Un ancien joueur retraité estimait même que 75% des joueurs consommaient de la coke. Rajoutez en plus de ça des bagarres courantes sur les terrains, avec en point d’orgue le coup de poing de Kermit Washington qui a failli coûter la vie à Rudy Tomjanovich le 9 décembre 1977, et vous obtenez une Ligue qui est considéré par la plupart des gens comme un repère de voyous. Forcément, tous ces problèmes de délinquance ne donnent pas envie aux chaînes de télévision de diffuser ce genre de spectacle. Et puis les américains ne veulent pas s’identifier à ce genre d’individus. Avant que le commissionner de l’époque, Larry O’Brien puis David Stern s’occupent de ces problèmes, les stars NBA de l’époque sont donc condamnés à réaliser leur exploits dans l’ombre.
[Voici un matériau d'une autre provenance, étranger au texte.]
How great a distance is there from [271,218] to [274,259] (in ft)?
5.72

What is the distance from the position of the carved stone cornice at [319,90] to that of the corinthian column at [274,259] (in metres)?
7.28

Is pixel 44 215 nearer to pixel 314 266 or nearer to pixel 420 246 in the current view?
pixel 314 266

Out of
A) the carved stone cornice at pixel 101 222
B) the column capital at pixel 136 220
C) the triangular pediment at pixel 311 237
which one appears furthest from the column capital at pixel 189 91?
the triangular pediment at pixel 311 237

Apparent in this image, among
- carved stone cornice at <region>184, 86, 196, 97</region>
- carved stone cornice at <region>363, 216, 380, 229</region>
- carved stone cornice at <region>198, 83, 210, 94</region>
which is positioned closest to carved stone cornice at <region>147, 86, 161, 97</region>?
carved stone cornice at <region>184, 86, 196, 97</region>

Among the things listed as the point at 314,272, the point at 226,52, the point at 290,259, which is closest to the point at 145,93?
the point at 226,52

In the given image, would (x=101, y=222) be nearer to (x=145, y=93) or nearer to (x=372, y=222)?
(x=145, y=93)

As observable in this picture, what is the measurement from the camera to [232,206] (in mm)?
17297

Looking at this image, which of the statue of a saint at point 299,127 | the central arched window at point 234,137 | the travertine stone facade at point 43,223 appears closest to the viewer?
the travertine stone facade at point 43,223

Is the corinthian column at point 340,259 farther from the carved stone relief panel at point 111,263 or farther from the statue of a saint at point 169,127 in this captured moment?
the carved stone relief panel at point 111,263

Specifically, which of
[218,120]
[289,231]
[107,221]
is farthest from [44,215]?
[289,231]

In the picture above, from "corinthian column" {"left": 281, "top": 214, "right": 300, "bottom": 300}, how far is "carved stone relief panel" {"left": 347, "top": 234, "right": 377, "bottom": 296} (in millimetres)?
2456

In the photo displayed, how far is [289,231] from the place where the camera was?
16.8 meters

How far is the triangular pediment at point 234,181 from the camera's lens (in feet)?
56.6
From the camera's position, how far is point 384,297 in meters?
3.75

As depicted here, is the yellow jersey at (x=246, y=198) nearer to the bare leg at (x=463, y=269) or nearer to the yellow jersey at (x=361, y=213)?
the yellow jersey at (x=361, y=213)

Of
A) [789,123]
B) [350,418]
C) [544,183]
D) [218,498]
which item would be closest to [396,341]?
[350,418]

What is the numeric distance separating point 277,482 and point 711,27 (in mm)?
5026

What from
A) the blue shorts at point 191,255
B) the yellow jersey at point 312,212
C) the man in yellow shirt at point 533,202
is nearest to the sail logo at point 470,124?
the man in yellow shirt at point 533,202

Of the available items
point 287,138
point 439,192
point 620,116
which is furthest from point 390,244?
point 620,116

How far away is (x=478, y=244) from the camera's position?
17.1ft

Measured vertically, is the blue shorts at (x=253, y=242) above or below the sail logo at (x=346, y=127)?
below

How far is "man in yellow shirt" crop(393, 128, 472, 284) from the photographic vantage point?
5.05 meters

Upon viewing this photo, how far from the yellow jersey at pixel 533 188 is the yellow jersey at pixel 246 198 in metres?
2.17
Enfin, on peut également ajouter que sur la décennie des seventies, aucune équipe n’arrive à installer sa domination sur la planète NBA. 8 équipes championnes au total, pas de back-to-back. Les dynasties, ça lasse peut-être les fans de basket à la longue, mais c’est très positif pour le business car les spectateurs occasionnels ont besoin de figures familières qui reviennent régulièrement sur le devant de la scène. Comme on l’a déjà vu pour le fameux « Game of the Century », c’est bon pour les audiences car on espère secrètement que le « petit » va faire tomber celui qui est en haut de l’affiche depuis longtemps. Pas de dynastie durant cette décennie, donc moins d’audiences pour la NBA, qui aura bientôt l’occasion de se rattraper avec le retour en grâce des Lakers et des Celtics durant les années 1980 (merci encore à Tonton Magic et Tonton Larry).
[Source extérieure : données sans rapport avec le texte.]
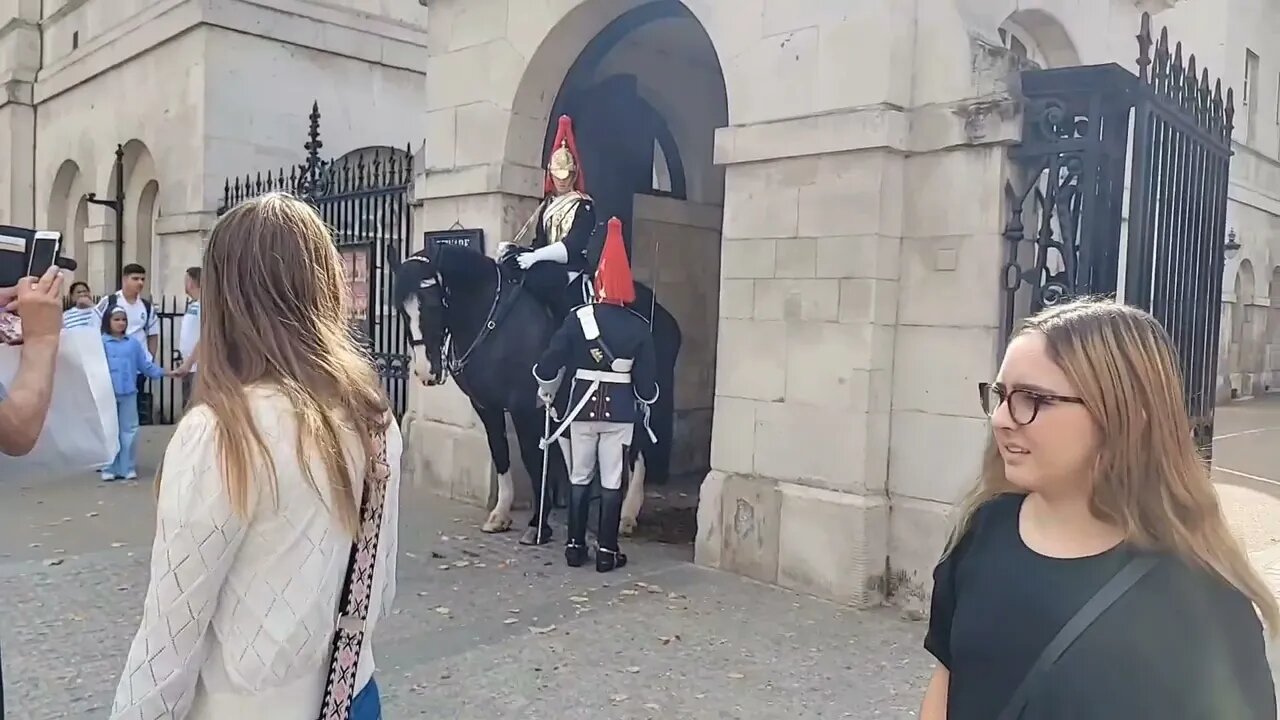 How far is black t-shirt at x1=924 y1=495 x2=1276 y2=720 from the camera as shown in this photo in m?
1.53

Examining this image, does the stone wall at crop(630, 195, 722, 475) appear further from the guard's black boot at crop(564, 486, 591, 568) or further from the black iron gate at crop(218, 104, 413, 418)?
the guard's black boot at crop(564, 486, 591, 568)

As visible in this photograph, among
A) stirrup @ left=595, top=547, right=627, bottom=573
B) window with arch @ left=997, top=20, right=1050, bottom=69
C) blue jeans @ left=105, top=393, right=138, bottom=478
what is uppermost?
window with arch @ left=997, top=20, right=1050, bottom=69

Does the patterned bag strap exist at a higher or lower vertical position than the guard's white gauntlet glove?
lower

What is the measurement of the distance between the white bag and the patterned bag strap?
33.2 inches

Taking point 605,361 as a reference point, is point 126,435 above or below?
below

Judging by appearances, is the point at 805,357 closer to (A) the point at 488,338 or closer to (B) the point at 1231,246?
(A) the point at 488,338

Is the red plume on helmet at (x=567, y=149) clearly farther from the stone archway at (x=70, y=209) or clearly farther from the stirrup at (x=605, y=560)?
the stone archway at (x=70, y=209)

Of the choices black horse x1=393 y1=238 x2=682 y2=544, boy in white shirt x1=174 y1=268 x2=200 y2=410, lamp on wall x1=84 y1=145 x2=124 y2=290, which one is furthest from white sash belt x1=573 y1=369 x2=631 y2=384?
lamp on wall x1=84 y1=145 x2=124 y2=290

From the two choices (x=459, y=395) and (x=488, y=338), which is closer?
(x=488, y=338)

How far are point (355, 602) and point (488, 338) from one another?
5065mm

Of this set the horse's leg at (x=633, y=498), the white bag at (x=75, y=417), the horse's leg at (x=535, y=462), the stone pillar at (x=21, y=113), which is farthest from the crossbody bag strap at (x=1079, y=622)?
the stone pillar at (x=21, y=113)

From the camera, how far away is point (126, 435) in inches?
352

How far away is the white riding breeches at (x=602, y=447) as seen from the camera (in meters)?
6.27

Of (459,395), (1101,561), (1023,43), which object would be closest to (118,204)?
(459,395) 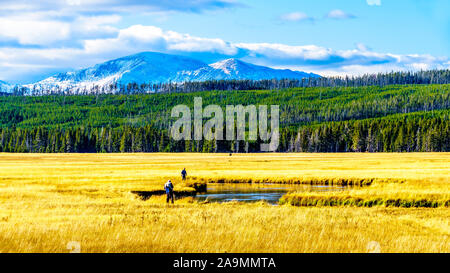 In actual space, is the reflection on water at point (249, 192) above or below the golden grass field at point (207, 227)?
below

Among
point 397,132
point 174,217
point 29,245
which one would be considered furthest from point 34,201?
point 397,132

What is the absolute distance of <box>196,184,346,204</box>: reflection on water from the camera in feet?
146

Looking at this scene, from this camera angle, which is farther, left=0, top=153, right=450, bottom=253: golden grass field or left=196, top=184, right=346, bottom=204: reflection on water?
left=196, top=184, right=346, bottom=204: reflection on water

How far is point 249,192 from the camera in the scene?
2003 inches

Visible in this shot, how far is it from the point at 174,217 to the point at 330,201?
1530 centimetres

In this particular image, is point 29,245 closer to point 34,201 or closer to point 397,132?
point 34,201

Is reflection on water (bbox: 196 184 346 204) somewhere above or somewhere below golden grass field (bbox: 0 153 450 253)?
below

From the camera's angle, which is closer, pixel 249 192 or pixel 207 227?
pixel 207 227

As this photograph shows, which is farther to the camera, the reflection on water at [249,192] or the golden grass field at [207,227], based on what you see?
the reflection on water at [249,192]

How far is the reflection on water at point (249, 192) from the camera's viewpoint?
146 feet

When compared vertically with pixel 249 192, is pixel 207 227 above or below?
above

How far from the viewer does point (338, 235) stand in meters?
22.9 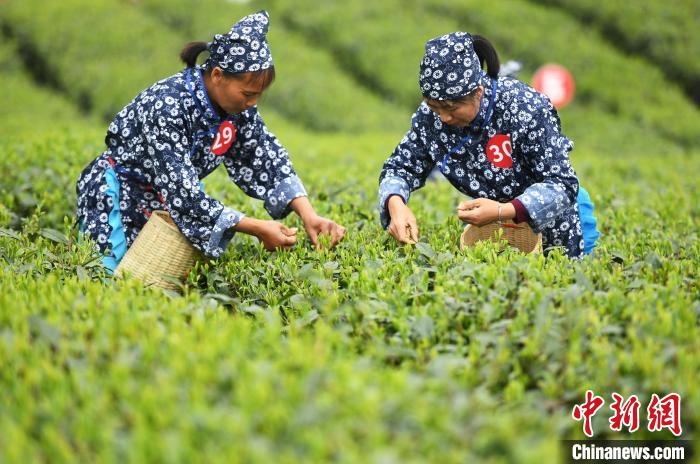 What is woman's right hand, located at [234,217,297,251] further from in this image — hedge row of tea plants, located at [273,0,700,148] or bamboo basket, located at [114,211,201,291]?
hedge row of tea plants, located at [273,0,700,148]

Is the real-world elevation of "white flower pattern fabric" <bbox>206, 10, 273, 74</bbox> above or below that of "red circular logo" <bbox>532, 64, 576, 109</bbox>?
below

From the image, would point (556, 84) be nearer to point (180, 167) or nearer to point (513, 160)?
point (513, 160)

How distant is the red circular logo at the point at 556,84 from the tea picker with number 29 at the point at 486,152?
8.09m

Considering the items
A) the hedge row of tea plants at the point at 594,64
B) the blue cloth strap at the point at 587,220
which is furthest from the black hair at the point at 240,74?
the hedge row of tea plants at the point at 594,64

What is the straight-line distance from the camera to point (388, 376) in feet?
7.23

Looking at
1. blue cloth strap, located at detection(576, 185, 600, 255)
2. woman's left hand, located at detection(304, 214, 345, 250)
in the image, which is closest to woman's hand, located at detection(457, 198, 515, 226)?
woman's left hand, located at detection(304, 214, 345, 250)

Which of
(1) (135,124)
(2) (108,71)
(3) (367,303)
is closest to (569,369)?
(3) (367,303)

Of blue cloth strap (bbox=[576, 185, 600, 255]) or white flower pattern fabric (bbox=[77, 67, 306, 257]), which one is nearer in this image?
white flower pattern fabric (bbox=[77, 67, 306, 257])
Voilà, c’est fini comme dirait Jean-Louis Aubert. Je tenais vraiment à faire ce portrait car je ne vous l’ai peut-être jamais dit, mais Elvin Hayes est en fait mon grand-père maternel. Si si c’est vrai, je vous jure !

Non plus sérieusement, j’avais envie de faire le portrait d’une légende qui serait passé sous le feu des projecteurs. C’est donc chose faite à présent. Mais Elvin Hayes n’est pas seul. Pas mal de stars qu’Elvin a côtoyé durant sa carrière ont connu eux aussi ce problème de sous-médiatisation de la NBA. Walt Frazier, Willis Reed, Dave Cowens, Rick Barry, Nate Thurmond, Jack Sikma ou encore Moses Malone sont tous passés plus ou moins sous les radars malgré leur immense carrière. Mais on parlera de ces joueurs une autre fois. En attendant, ne méprisons jamais la chance que nous avons, nous spectateurs, de pouvoir regarder tous les matchs de nos équipes et de nos joueurs préférés. Car à une époque pas si lointaine que ça, certaines des plus grandes légendes du basket étaient condamnés à réaliser leurs exploits dans un anonymat quasi-total.